Outline of First Embodiment

FIG. 1 is a diagram showing a portion of a lace of a first embodiment. As shown in FIG. 1, the lace of the first embodiment is a lace provided with tubular lace body of elastic material, comprising a knobby portion repeatedly placed at intervals, of which diameter varies depending on tension on the knobby portion in an axial direction. This configuration enables to provide a lace which is not easily torn under high tension which is repeatedly put on the lace body.

Note that the design of the lace of FIG. 1 continues only in horizontal direction in the elevation view, and FIG. 11 is a side view of both sides of the lace of the present invention.
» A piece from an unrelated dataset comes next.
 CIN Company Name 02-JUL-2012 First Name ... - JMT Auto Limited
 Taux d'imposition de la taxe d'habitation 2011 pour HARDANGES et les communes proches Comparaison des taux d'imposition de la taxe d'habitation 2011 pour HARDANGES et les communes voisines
Configuration of First Embodiment

As shown in FIG. 1, a ‘lace’ 0100 of a first embodiment is a lace provided with tubular lace body comprising knobby portions repeatedly placed at intervals. Specifically, the knobby portions are configured by repeated placed ‘cores’ 0101, and ‘ends’ 0102. FIG. 2 is a diagram showing that the lace of the first embodiment is under tension in an axial direction. As shown in FIG. 2, when putting the tension in the axial direction, the diameter of the knobby portion varies, such that the knobby portion shrinks. When removing the tension in the axial direction, the diameter of the knobby portion varies, such that the knobby portion expands.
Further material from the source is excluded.